• Aim of the task
Write the records out again. Match them exactly.
Top of Supplied records
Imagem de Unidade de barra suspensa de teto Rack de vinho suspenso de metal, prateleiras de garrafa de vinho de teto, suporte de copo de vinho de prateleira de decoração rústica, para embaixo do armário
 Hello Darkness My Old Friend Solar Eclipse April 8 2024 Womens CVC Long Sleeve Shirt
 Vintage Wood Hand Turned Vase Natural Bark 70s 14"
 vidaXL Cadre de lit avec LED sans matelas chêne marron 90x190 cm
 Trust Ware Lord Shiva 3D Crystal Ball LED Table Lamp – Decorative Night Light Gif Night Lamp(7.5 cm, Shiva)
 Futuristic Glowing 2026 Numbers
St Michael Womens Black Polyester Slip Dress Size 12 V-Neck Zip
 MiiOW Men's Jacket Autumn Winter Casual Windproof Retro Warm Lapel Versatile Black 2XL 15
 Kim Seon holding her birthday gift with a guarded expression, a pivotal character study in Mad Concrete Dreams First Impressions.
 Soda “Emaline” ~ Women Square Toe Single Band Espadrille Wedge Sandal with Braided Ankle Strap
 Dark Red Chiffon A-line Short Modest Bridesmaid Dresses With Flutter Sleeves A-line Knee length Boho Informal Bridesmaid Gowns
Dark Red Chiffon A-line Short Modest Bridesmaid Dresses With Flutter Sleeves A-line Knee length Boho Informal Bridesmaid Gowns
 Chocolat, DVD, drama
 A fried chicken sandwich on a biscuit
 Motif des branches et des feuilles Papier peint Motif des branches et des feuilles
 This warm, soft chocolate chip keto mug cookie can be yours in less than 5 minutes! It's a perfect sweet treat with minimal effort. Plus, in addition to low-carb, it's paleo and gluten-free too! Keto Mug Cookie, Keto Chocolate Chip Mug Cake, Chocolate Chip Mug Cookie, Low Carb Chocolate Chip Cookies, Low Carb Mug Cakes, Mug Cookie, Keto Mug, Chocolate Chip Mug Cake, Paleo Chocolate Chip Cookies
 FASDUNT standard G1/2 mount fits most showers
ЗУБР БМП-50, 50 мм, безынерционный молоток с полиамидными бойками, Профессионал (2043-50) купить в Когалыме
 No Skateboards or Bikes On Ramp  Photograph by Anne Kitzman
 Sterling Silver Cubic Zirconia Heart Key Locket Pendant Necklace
Bottom of Supplied records
• Written answer
Imagem de Unidade de barra suspensa de teto Rack de vinho suspenso de metal, prateleiras de garrafa de vinho de teto, suporte de copo de vinho de prateleira de decoração rústica, para embaixo do armário
 Hello Darkness My Old Friend Solar Eclipse April 8 2024 Womens CVC Long Sleeve Shirt
 Vintage Wood Hand Turned Vase Natural Bark 70s 14"
 vidaXL Cadre de lit avec LED sans matelas chêne marron 90x190 cm
 Trust Ware Lord Shiva 3D Crystal Ball LED Table Lamp – Decorative Night Light Gif Night Lamp(7.5 cm, Shiva)
 Futuristic Glowing 2026 Numbers
St Michael Womens Black Polyester Slip Dress Size 12 V-Neck Zip
 MiiOW Men's Jacket Autumn Winter Casual Windproof Retro Warm Lapel Versatile Black 2XL 15
 Kim Seon holding her birthday gift with a guarded expression, a pivotal character study in Mad Concrete Dreams First Impressions.
 Soda “Emaline” ~ Women Square Toe Single Band Espadrille Wedge Sandal with Braided Ankle Strap
 Dark Red Chiffon A-line Short Modest Bridesmaid Dresses With Flutter Sleeves A-line Knee length Boho Informal Bridesmaid Gowns
Dark Red Chiffon A-line Short Modest Bridesmaid Dresses With Flutter Sleeves A-line Knee length Boho Informal Bridesmaid Gowns
 Chocolat, DVD, drama
 A fried chicken sandwich on a biscuit
 Motif des branches et des feuilles Papier peint Motif des branches et des feuilles
 This warm, soft chocolate chip keto mug cookie can be yours in less than 5 minutes! It's a perfect sweet treat with minimal effort. Plus, in addition to low-carb, it's paleo and gluten-free too! Keto Mug Cookie, Keto Chocolate Chip Mug Cake, Chocolate Chip Mug Cookie, Low Carb Chocolate Chip Cookies, Low Carb Mug Cakes, Mug Cookie, Keto Mug, Chocolate Chip Mug Cake, Paleo Chocolate Chip Cookies
 FASDUNT standard G1/2 mount fits most showers
ЗУБР БМП-50, 50 мм, безынерционный молоток с полиамидными бойками, Профессионал (2043-50) купить в Когалыме
 No Skateboards or Bikes On Ramp  Photograph by Anne Kitzman
 Sterling Silver Cubic Zirconia Heart Key Locket Pendant Necklace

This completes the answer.